In the 9th century Norway consisted of a number of small kingdoms. Harald Fairhair gathered the small kingdoms into one and in 872 with the battle of Hafrsfjord, he had established the country as one unit.
The Viking age (8th to 11th centuries) was one of national unification and expansion. The Norwegian royal line died out in 1387, and the country entered a long period as the weaker part of a union with Denmark. With the forced introduction of Protestantism in 1537, Norway lost the steady stream of pilgrims to the relics of Saint Olav at the Nidaros shrine. With them, ironically, went much of the contact with the cultural and economical life of the rest of Europe. In light of national romanticism during the 19th century, this period was by some called the "400-year night".
After Denmark-Norway sided with Napoleon in the Napoleonic Wars, Norway was ceded to the king of Sweden in 1814. However, Norway declared her independence, adopted her own constitution and elected the Danish prince Christian Fredrik as king on 17 May 1814. Norway was forced into a personal union with Sweden, but kept its liberal constitution and independent institutions, except for the foreign service. Growing Norwegian dissatisfaction with the union during the late 19th century spawned its dissolution 7 June 1905. The Norwegian government offered the throne of Norway to Danish Prince Carl. After a plebiscite confirming the monarchy, the Parliament unanimously elected him king. He took the name of Haakon VII, after the medieval kings of independent Norway.
Norway was a neutral country during World War I. Norway also attempted to claim neutrality during World War II, but was invaded by German forces on the 9th of April 1940 (Operation Weserübung).

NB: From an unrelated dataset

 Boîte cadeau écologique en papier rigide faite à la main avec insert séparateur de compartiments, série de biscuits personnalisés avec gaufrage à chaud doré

The Allies also had plans to operate from Norway, in order to take advantage of her strategically important Atlantic coast. Armed resistance in Norway went on for two months, but the King and government continued the fight from exile in Britain. On the day of the invasion, the collaborative leader of the small National-Socialist party Nasjonal Samling – Vidkun Quisling – tried to seize power, but was forced by the German occupiers to step aside. Real power was wielded by the leader of the German occupation authority, Reichskommissar Josef Terboven. Quisling, as minister president, later formed a government under German control.

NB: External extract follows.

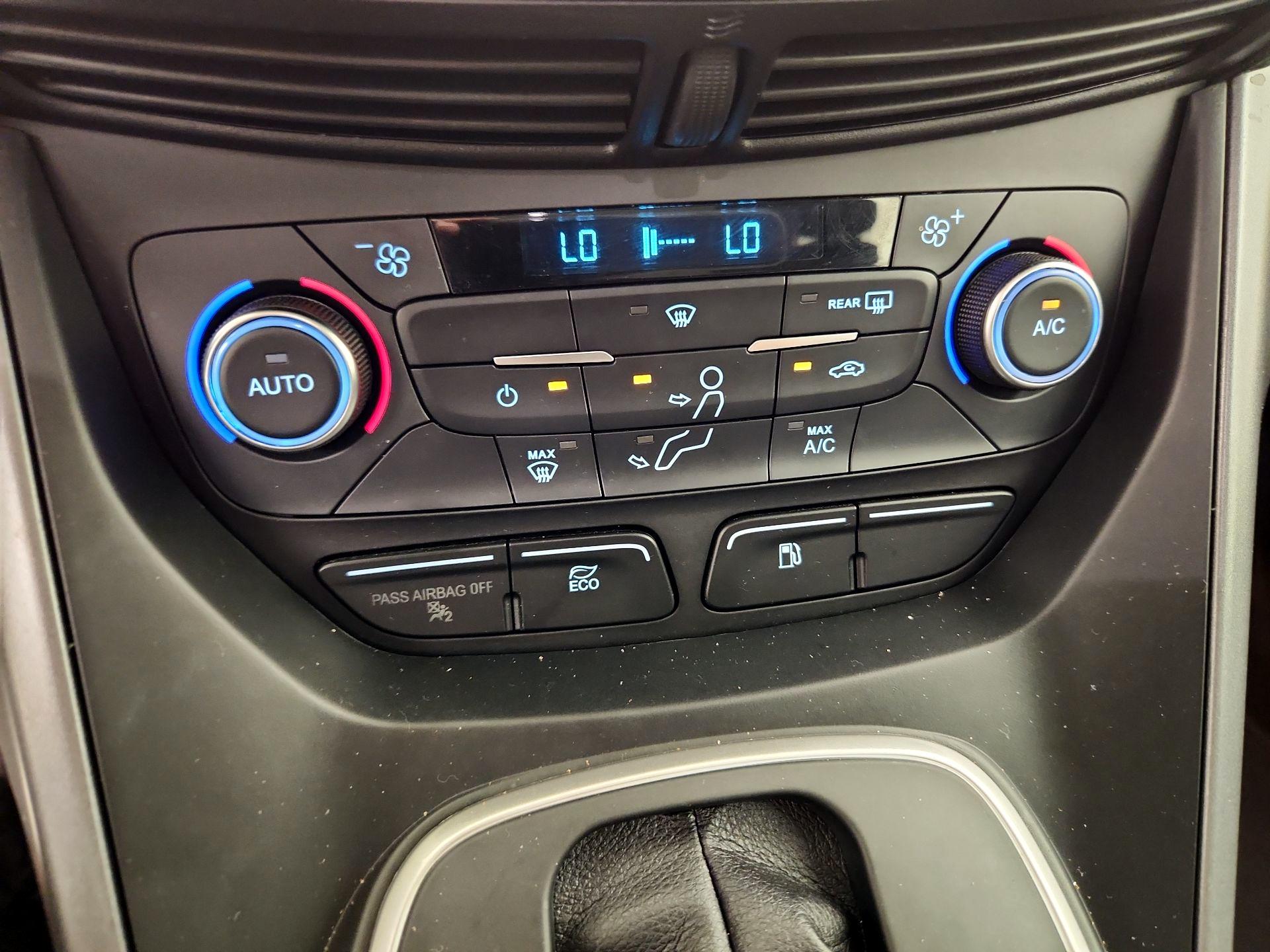 Thumbnail: 2017 Ford C-Max - 16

In 1944, the Germans evacuated the provinces of Finnmark and northern Troms, using a scorched earth tactic. The Red Army moved in shortly after, and peacefully returned the area to Norwegian control after the war, despite President Roosevelt having offered them parts of northern Norway. The Germans in Norway surrendered on 8 May 1945.
The occupation during World War II made Norwegians generally more skeptical of the concept of neutrality. They turned instead to collective security. Norway was one of the signatories of the North Atlantic Treaty in 1949 and was a founding member of the United Nations, providing its first secretary general – Trygve Lie. Norway has twice voted against joining the European Union (in 1972 and 1994), but is associated with the EU via the European Economic Area.